Dans mon GMF, les trois médecins du groupe ont décidé de ne plus prendre de rendez-vous réguliers. Mon médecin m’a expliqué qu’il privilégiait mettre sa disponibilité pour recevoir ses clients lorsqu’ils sont dans de situations d’urgence. Alors, tous les clients du groupe sont rencontrés par «un médecin», seulement s’il s’agit d’une urgence grave; le patient est alors reçu en urgence dans les prochains jours.

C’est l’idéal pour un bobo ponctuel, une grippe ou autre infection, mais pour les problèmes qui exigent une étude plus approfondie, ça devient problématique.

À l’urgence, le médecin a comme consigne de s’occuper, seulement, de ce qui vous amène à l’urgence. Si le patient a plusieurs «bobos», on vous dit: «Prenez un rendez-vous avec votre médecin de famille attitré»; mais lui, il ne prend plus de rendez-vous réguliers. Trouvez l’erreur!

Comme son nom l’indique, c’est une médecine d’urgence; même avec sa bonne volonté, le médecin qui reçoit un patient qui n’est pas dans son groupe n’a pas le temps d’investiguer en profondeur. D’ailleurs, ce n’est pas la mission de l’urgence. C’est un peu la méthode chinoise: «Tu repasseras».

À l’urgence, j’ai une chance sur trois que ce soit «mon médecin» qui me reçoive. Je n’ai pas le sentiment d’avoir réellement «mon médecin de famille».

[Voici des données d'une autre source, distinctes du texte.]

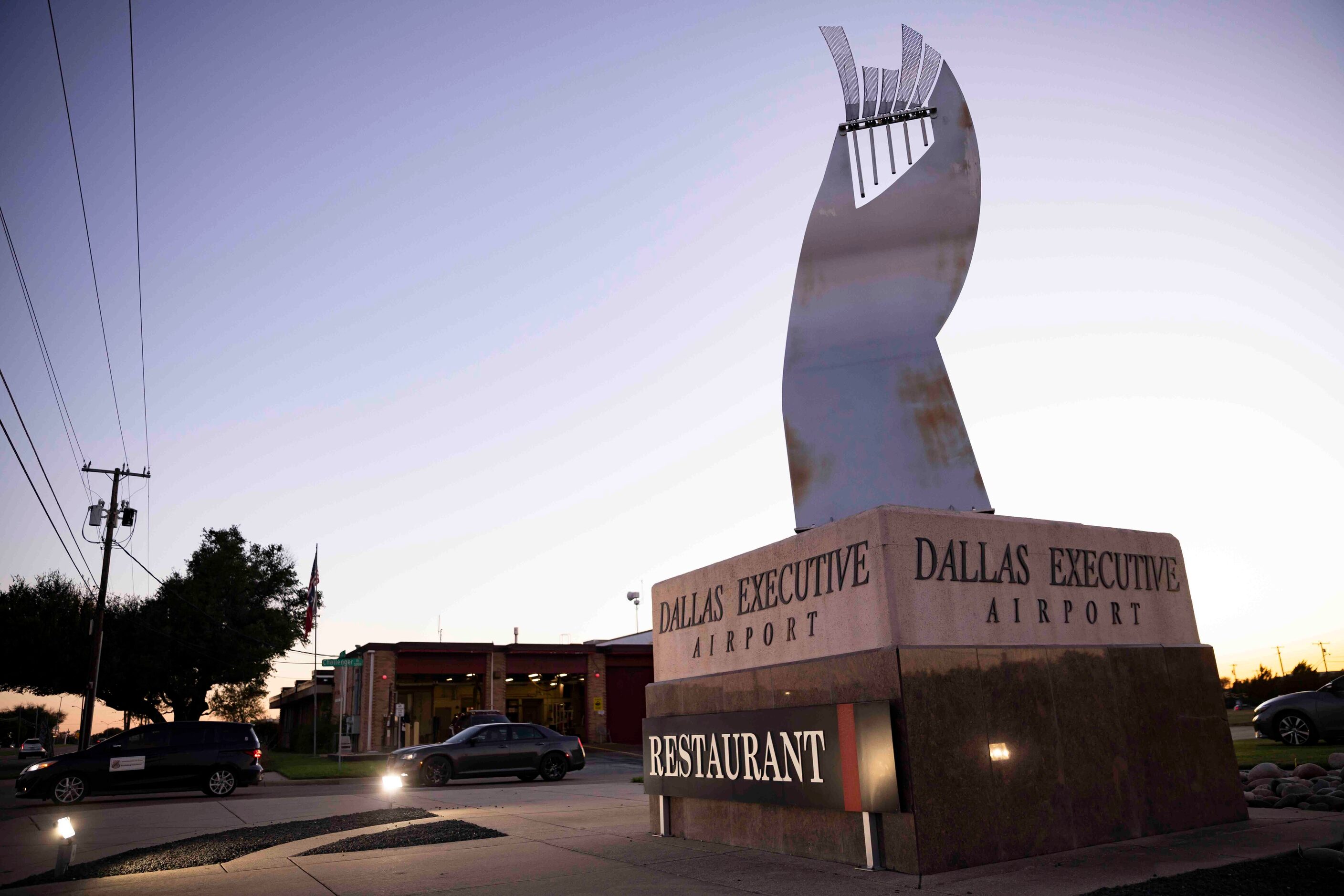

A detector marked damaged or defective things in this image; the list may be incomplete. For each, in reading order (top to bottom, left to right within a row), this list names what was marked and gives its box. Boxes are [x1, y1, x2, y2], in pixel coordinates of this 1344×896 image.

rust stain on metal [898, 371, 973, 473]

Comme il n’y a plus de rendez- vous réguliers, je n’ai aucune chance de discuter de problèmes de santé, qui pour moi sont sérieux et nécessiteraient plus d’investigation. Il n’y a plus de rencontre annuelle systématique. Le renouvellement des prescriptions est passé de 12 à 18 mois; de ce fait, moins de contacts personnels.

Même s’il y a beaucoup de bonne volonté et un grand dévouement de la part du personnel, c’est le système organisationnel du travail, qui est en cause; il n’y a plus cette relation: «médecin-patient». Ce système est idéal pour les patients dans la fleur de l’âge, car ceux-ci ont besoin de voir leur médecin moins souvent.

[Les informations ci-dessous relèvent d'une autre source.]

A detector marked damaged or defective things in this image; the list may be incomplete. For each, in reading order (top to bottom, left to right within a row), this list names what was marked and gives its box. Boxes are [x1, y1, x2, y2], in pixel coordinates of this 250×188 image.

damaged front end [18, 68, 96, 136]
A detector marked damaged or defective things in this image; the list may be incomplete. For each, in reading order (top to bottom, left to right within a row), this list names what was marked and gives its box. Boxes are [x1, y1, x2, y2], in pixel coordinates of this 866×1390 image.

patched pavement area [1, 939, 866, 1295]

Pour les patients plus âgés, c’est très différent; car plusieurs sont atteints d’arthrose, dans les articulations, produisant des douleurs pénibles qui les empêchent souvent de dormir.

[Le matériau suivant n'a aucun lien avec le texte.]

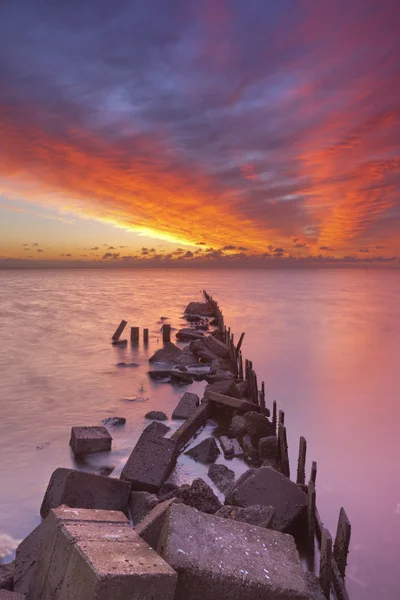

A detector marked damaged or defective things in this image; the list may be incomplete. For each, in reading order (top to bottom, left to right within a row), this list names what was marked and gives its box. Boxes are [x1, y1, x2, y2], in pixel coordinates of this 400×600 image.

broken concrete block [149, 340, 182, 364]
broken concrete block [205, 338, 230, 356]
broken concrete block [206, 380, 241, 398]
broken concrete block [171, 392, 199, 420]
broken concrete block [69, 426, 111, 454]
broken concrete block [119, 432, 175, 492]
broken concrete block [185, 436, 220, 464]
broken concrete block [220, 434, 242, 458]
broken concrete block [242, 412, 274, 440]
broken concrete block [256, 436, 278, 460]
broken concrete block [39, 466, 130, 516]
broken concrete block [129, 492, 159, 524]
broken concrete block [135, 494, 177, 552]
broken concrete block [162, 478, 222, 516]
broken concrete block [208, 462, 236, 494]
broken concrete block [216, 504, 276, 528]
broken concrete block [228, 466, 306, 532]
broken concrete block [31, 506, 175, 600]
broken concrete block [159, 504, 310, 596]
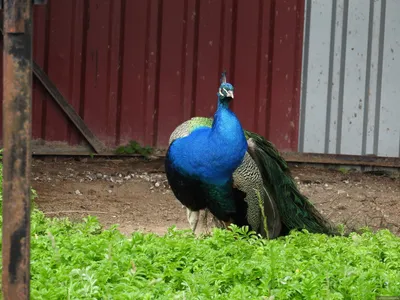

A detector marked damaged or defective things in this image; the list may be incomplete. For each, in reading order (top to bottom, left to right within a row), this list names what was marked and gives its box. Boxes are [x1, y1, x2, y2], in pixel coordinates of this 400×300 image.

rusty metal post [1, 0, 33, 298]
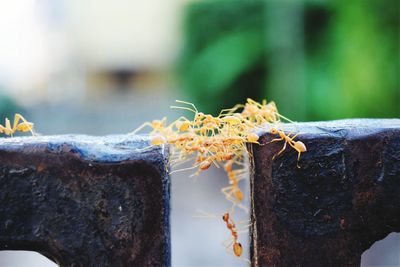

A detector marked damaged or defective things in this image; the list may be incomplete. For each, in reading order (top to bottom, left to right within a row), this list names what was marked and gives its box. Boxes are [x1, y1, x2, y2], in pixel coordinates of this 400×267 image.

Bien sûr, à force d’insistance, on finit par vous rediriger vers la «clinique de la douleur», pour une infiltration de cortisone, mais, comme c’est la planche de salut de plusieurs généralistes, la clinique déborde; il n’y a pas assez de personnel pour suffire à la tâche. Pour le système, une attente de deux ou trois mois est «normale». Mais, lorsque tu as du mal et que tu as de la difficulté à dormir; deux mois, c’est très, très long. Pour moi, une attente de plus de deux semaines, c’est inacceptable.

Heureusement, le système est très ouvert à donner les soins de confort, aux patients «en phase terminale»; mais, on ne semble pas aussi ouverts à donner les mêmes soins aux patients «en phase active».

Même à 83 ans, je m’entraîne, trois fois par semaine, et j’ai une vie active. Cependant, je ne suis pas encore «prêt» à me renfermer dans un CHSLD, pour profiter «des soins de confort».

Pour moi, cette vision de la «phase active» devrait être aussi évidente que «les soins de confort en phase terminale».